Sunday, February 20, 2011

Feb 20: A day in the early life of revolutionary Egypt – worker demonstrations, petition drives, volunteer cleaning crews

After weeks now of military efforts to enforce ‘normalcy’, life in Cairo is anything but. Leading up to the first day of the work week (today, Sunday), the military’s Supreme Council issued a statement threatening worker activism with a “no tolerance” edict. Were workers intimidated? Maybe some, but not all.

What would have been a ‘normal’ hop on the metro (underground transport) to Cairo University and then to the Main Post Office, to take care of errands today, turned out to be quite different…

The metro stopped, passengers got off and waited. The Sayeda Zeinab platform filled with hundreds and with no metro in sight, hundreds left the station, streaming out of the metro, from Sayeda Zeinab to Saad Zaghloul. In my two and a half years in Cairo, at times relying heavily on the metro, never before has the metro stopped for thirty plus minutes.

At Saad Zaghloul there was a large gathering in front and along the street of the Ministry of Housing. It was a well organized petition drive, attracting hundreds.

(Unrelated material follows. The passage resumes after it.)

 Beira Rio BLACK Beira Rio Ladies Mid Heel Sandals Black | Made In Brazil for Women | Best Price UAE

I didn’t quite understand what the petition concerned (and maybe it could not even be called a ‘petition’?), but I understood that their efforts concerned apartments. This would not be surprising considering that buying and renting apartments is out of reach for many.

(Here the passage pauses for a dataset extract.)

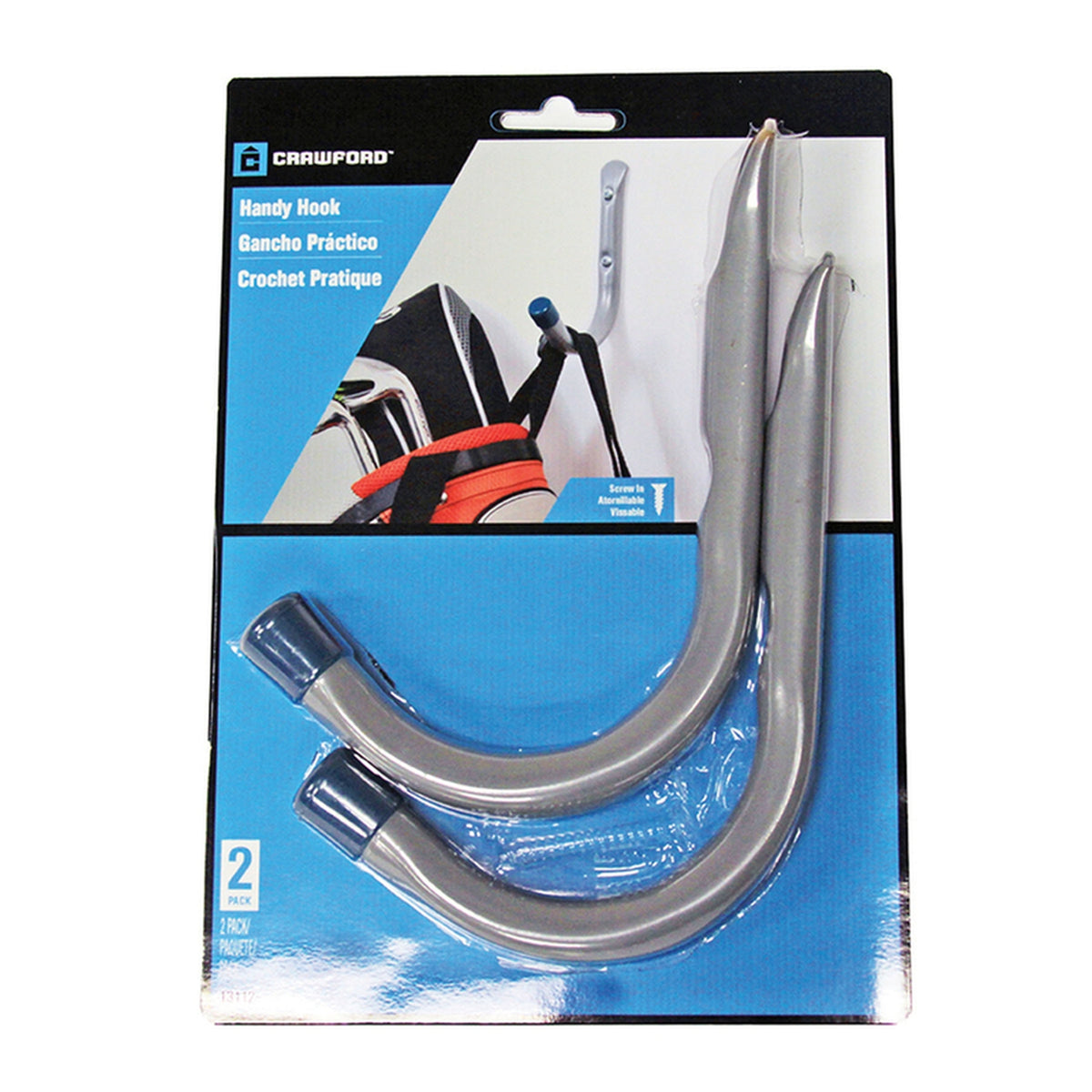Crawford - 13112 - 4 in. L Powder Coated Gray Steel Handy Hanger Holder - 2/Pack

And then I caught a cab to Cairo University, picking up a famous TV personality on the way. (We didn’t know from which channel, but the driver assured me she was ‘known’.) Back to zahma, zahma, zahma (crowds, traffic) – Qasr el-Aini, Tahrir, Dokki were full of cars, for the first time since the uprising perhaps.

Then at Cairo University I try to go to the student bookstore to pick up textbooks and am told that the workers are demonstrating. It is closed today!

Trying my luck at the metro again, I head by foot to a metro station and find a crew of uniformed volunteer youth cleaners painting the street curb black and white, painting over faded colors. The metro is working and I then head to the Ramsis (main) post office. Knowing that they close at 2, I arrive a little after 1 and find a group of workers demonstrating with signs, shouting slogans, in front of one of the main entrances. And the office is not ‘open’. The employee informs me that they close at 1 – definitely a new ‘policy’ as I have been there before at closing time, at 2. Sounds like it could be new, shorter working hours, self-determined perhaps.

I take the metro back to Maadi, to take care of a couple of more errands, planning to mail a letter via the post office there. I get to the post office after 3, but as far as I know it is usually open until 5. Today, though, it is closed.

The military, in its statement that it will confront workers who are striking or demonstrating, declared that those participating in labor activism are damaging the economy. Yeah, well, the economy does depend on worker exploitation to thrive. The army high command has said it itself.

And today workers are saying – and have been saying since 1996 in Egypt – that the economy is damaging them. This international order that has reduced public employees to the working poor in Egypt over the last twenty years is harshly exploiting them. The only gains that they have won have been through strikes, sit-ins, demonstrations.

‘Normalcy’ means convenience for some and drudgery for many more.

1 comment:

  1. Labour activism is damaging the economy, but corruption and mismanagement aren't? Please.